Problems on hold
Egyptians of all walks of life can talk of nothing today but of their country and her steady political, economic, security and ethical decline. The worry runs deep Egyptians of all walks of life can talk of nothing today but of their country and her steady political, economic, security and ethical decline. The worry runs deep and engulfs all: not only those in the opposition, but also the supporters of the ruling Islamist regime; and even those Egyptians who distance themselves from both groups and just sit back helplessly watching the public scene.
United in their worry about the nation, Egyptians are yet divided on the reasons that are hurting that nation. Supporters of the ruling regime and the Muslim Brotherhood (MB) group to which President Mursi belongs, even though they admit to having committed errors, accuse the opposition of overstating these errors in order to depict them as losers and to hold them responsible for the collapse of Egypt economically and security-wise.
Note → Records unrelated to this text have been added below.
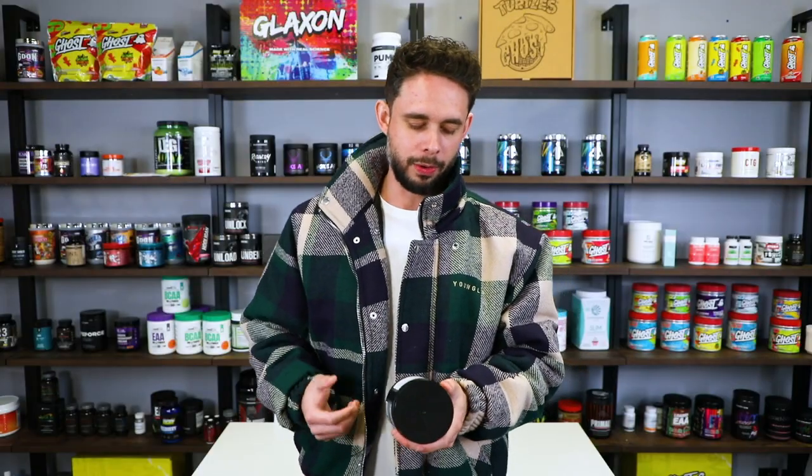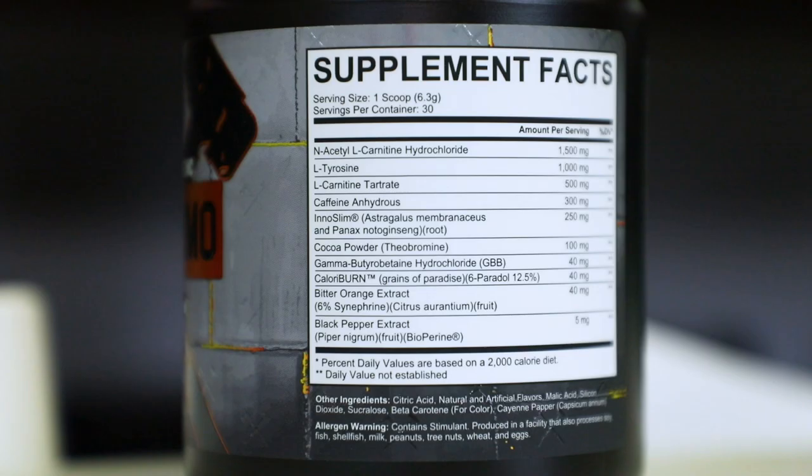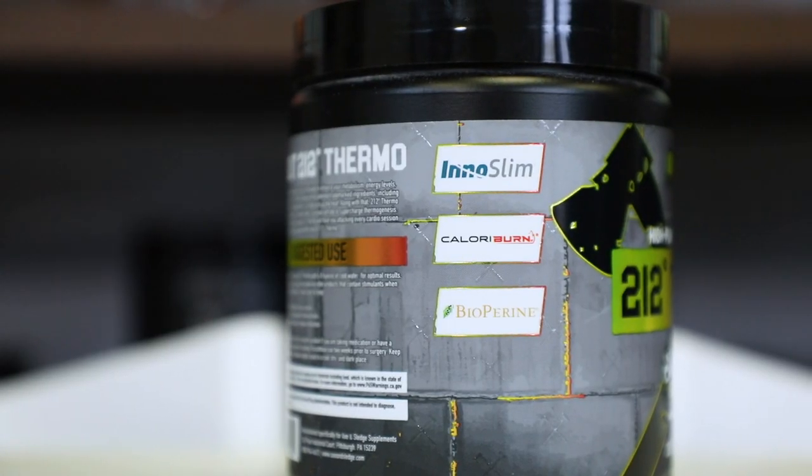Let's go over the profile quickly. We have two high-quality forms of carnitine — acetyl-l-carnitine and carnitine tartrate. You also get a gram of tyrosine, which is going to help with dopamine production. You get 300 milligrams of caffeine. Next up, we have our ingredient, which is InnaSlim at 250 milligrams — that is the clinical dose.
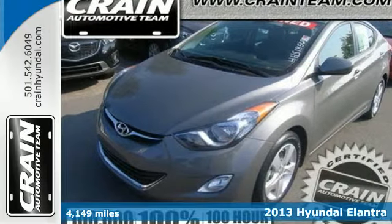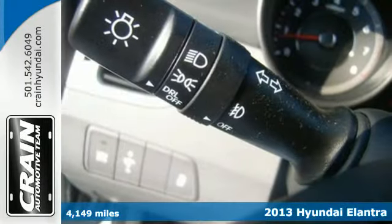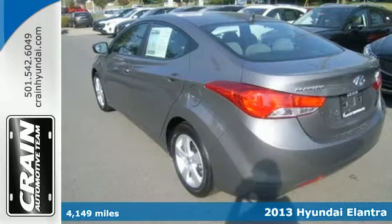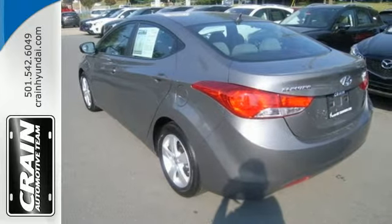It's a 2013 Hyundai Elantra. Of course you want to feel confident while cruising, but safety is just as important. And with this Elantra, you don't have to choose between safety and style.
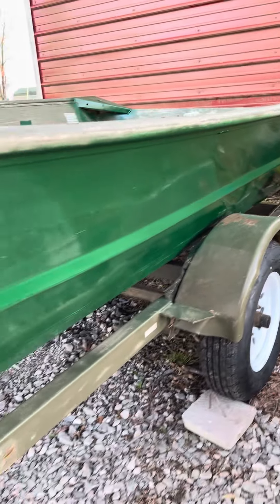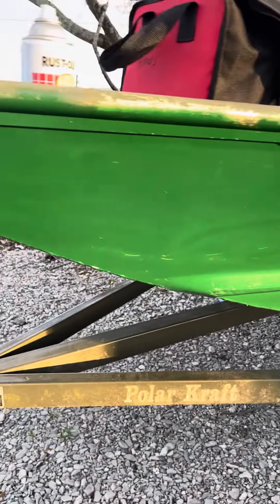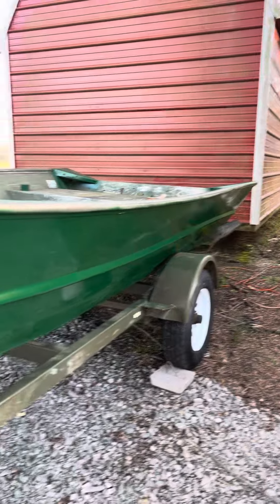Welcome back to the Boss Man channel. On Papa's boat, I've got the first coat done and she's looking clean.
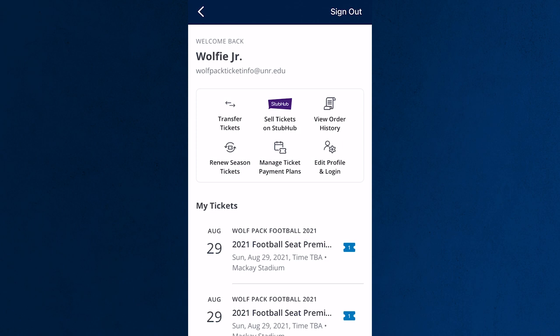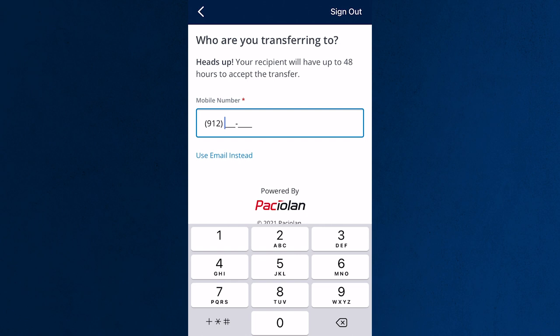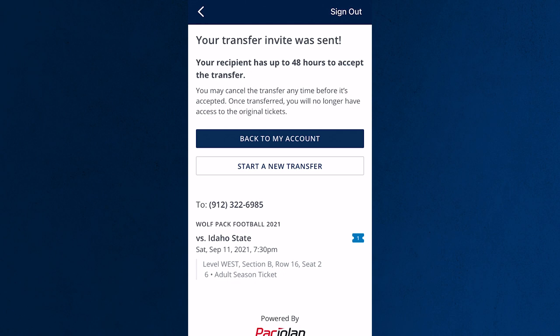Transferring tickets to friends and family members is just as easy. Select Transfer Tickets and enter the phone number of the person you want to transfer your ticket to. Your recipient will receive an invite and will have 48 hours to accept the ticket transfer.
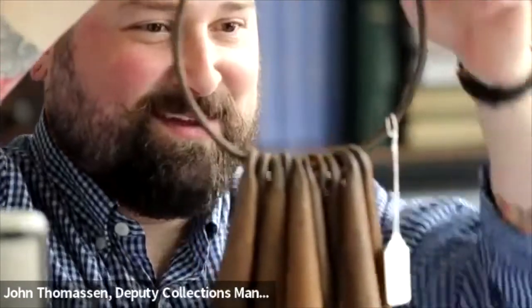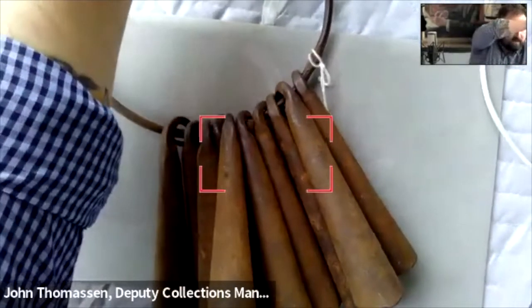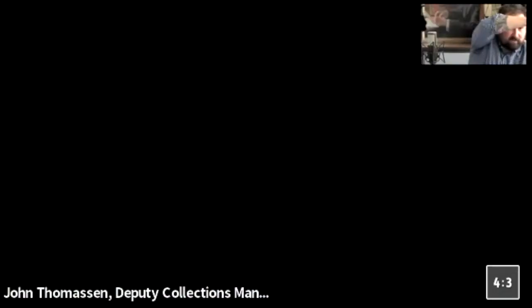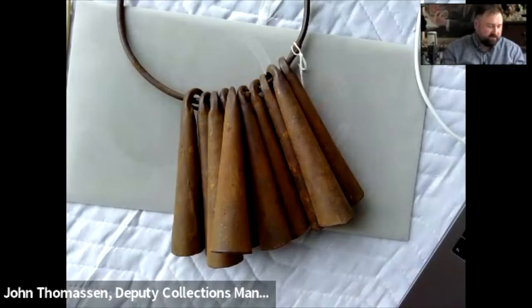Moving on, we have something radically different — a Chamba rattle or bell currency from Africa. I love this kind of material because it straddles the world between what is sort of an art object versus a numismatic object. This piece was donated by Alan Helms, who has donated quite a bit of African tribal material to us over the last few years. In this particular donation, there were actually three sets of iron bell or rattle currency, and these come from the Chamba peoples of Nigeria.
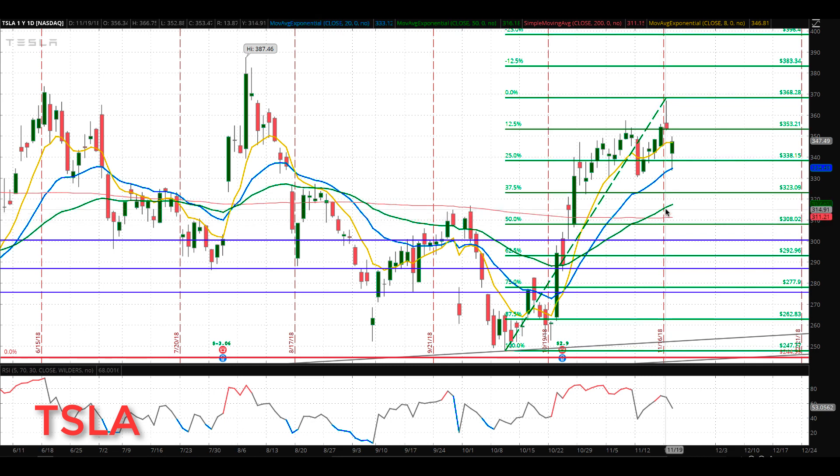New levels to watch for on a pullback: first one around 323, then the bigger area between about 308 and 314 — we can fine-tune that with GAN projections if we start pulling back more. Trading will be light tomorrow and going into the holidays, so keep that in mind. We'll keep you updated with the Tesla charts. Talk to everyone soon, bye for now.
They claim that the media is in a conspiracy against the ruling regime, that it intentionally smears its image by faking and exaggerating news which place the regime in a negative light. They allege that unknown elements—inside and outside Egypt—are funding the rampant acts of violence, thuggery and terrorism in order to propagate an image of a distraught, shaky State. The supporters of the ruling regime also claim they are not after monopolising power; they have invited the leaders of the political movements in Egypt to sit to national dialogue but, they say, the opposition showed no interest and hastened to put preconditions and demand guarantees before sitting to the dialogue table.
The revolutionary youth and the opposition, on the other hand, bitterly complain of the policy implemented by the ruling regime, at whose head sits a president voted into power by the ballot box. But this President, the opposition claim, never honoured the promise he made to act as president for all Egyptians. He openly aligned himself with the MB. No sooner had he been in office than he made a pounce on constitutional legitimacy, assailed the judicial authority, and opened the door wide for the MB to confiscate power and monopolise the leading positions in all State institutions. He gave the Islamists full power to pass a defective constitution, and sailed it through a referendum the serious irregularities of which he conveniently overlooked. The deplorable official policy was to richly reward supporters and terrorise opponents. And as though this were not enough, the ‘President of all Egyptians’ stubbornly charged ahead with defying the national group, indifferent to the unprecedented rift that gripped the nation and took it to the verge of civil war. He even appeared unconcerned with the excessive violence his security apparatus used against the demonstrators who were commemorating two years on the 25 January Revolution. The violence brought to mind the cruelty of the security apparatus of the pre-Revolution Mubarak regime.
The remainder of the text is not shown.